Fanny Howe, Love and I

A man might not want a child
Because he has his brain to carry around.

The passenger who whispered
Clutched his head like an infant.

I understood him.

He was sick of pontificating over revisions and drafts
Until they ruined the first burst.

This is how he explained it to me.
A solitary wreck winking back tears:

“I was scared, scared of leaving my dreams behind
and no one to interpret them.” (“Turbulence”)

One of the great discoveries of my thirties was the American poet Fanny Howe, and I am very pleased to be able to go through her latest poetry title, Love and I (Minneapolis MI: Graywolf Press, 2019). Howe has always been, in my mind, akin to the late Toronto poet bpNichol, in their shared ability to compose a lyric that extends everything they’ve done prior, but is also part of that same whole: “a poem as long as a life.” Howe’s is a lyric that builds, extends and continues, one step beyond each other step, writing on faith, history, love, Catholicism, hope, philosophy, childhood and all the patterns that might emerge between. “I love so many of them,” she writes, to begin the opening poem, “Allegories,” “But they are only half a decade / Away from being disproved.” A bit further, the poem “Turbulence” opens: “Some who never feel loved keep traveling.”

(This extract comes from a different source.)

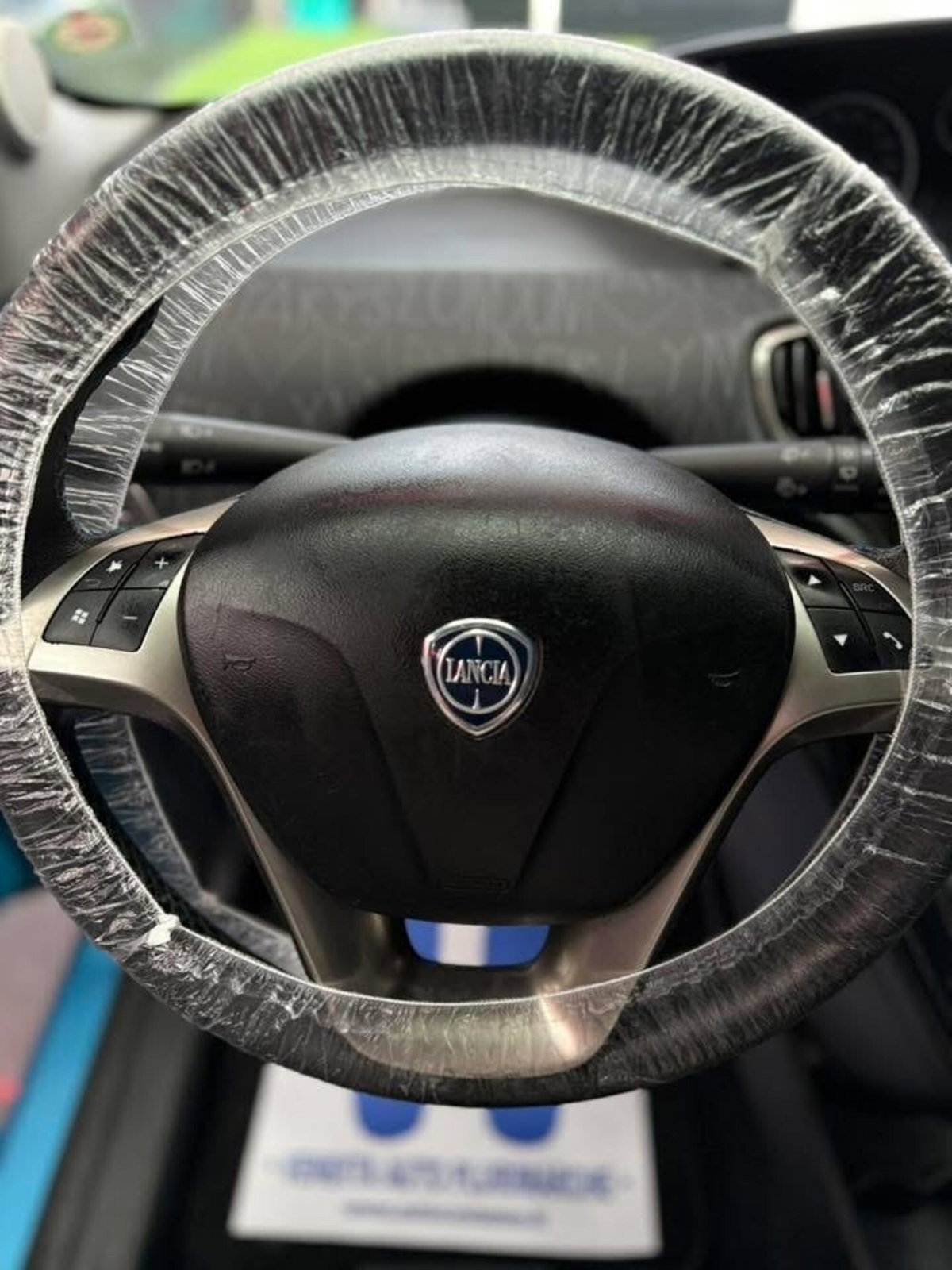 Lancia Ypsilon 0.9 TwinAir 85 CV 5 porte Metano Ecochic Elefantino (11)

Her poems have the appearance of quick sketches of long-considered meditations. I’ve always admired the extensions of her lyrics, furthering one step upon another. Her poems and her poetry collections and her works of prose build, endlessly, and her utilization of the poetic fragment suggest that sections could be moved, re-sorted, and still maintain a particular structure (an unbound sequence of poems by Howe might be intriguing at some point; where the order emerges via the reader, thus potentially shifting the work of the poem as well). 

The Word is like a flood in shape and speed.
You will like the way it rushes east and west at the same time.

Echoes and solidifies and breaks apart.
It streams like a Northern Light. But it’s the Word.

The Word makes no sound.
The Word never made no sound and will not
Ever, out of parched minds and tongues
Break this law.

1 comment:

Unknown said...

I just absolutely love Howe, for faith and lyric both --- wish you'd nab her for a chapbook.